Disabling XML-RPC does not disable the REST API.
That distinction matters because many site owners want to improve security without breaking modern features that depend on the newer API.
Security Best Practices After Disabling XML-RPC
Disabling XML-RPC is only one layer of hardening.
To keep your WordPress site safer, pair it with additional controls that reduce login abuse and endpoint scanning.
- Use strong, unique administrator passwords.
- Enable two-factor authentication for admin accounts.
- Limit login attempts or use rate limiting.
- Keep WordPress core, themes, and plugins updated.
- Use a Web Application Firewall to filter malicious traffic.

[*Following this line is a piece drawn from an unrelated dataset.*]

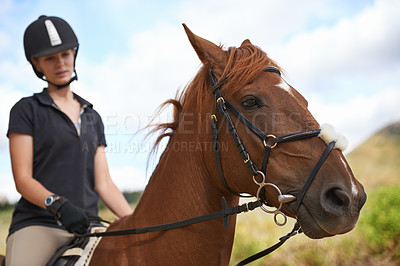 Buy stock photo Equestrian, horse and woman riding in nature on adventure and journey in countryside. Ranch, animal and rider outdoor with hobby, sport or travel with pet on farm trail or girl in summer on blue sky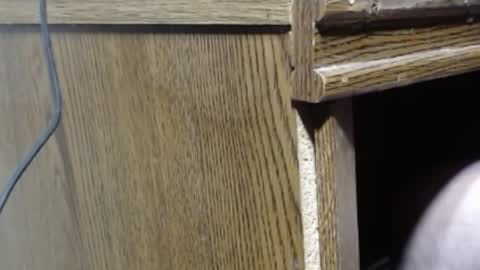 hungsofine online show from 12/26/24, 07:27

- Remove unused plugins and themes to reduce attack surface.
For high-traffic sites, monitor logs regularly so you can detect whether attackers are still targeting xmlrpc.php or other endpoints.
Security tools often reveal patterns before they become incidents.
Choosing the Right Approach for Your Site
If you are deciding how to disable XML RPC in WordPress, start by identifying which tools and services actually depend on it.
A full disable is simplest for many sites, but a partial restriction may be better if you rely on older publishing apps or specific integrations.
For most site owners, a security plugin or small code snippet is enough.
Larger sites or managed hosting environments may benefit from server-level blocking or firewall rules for stronger protection and better performance.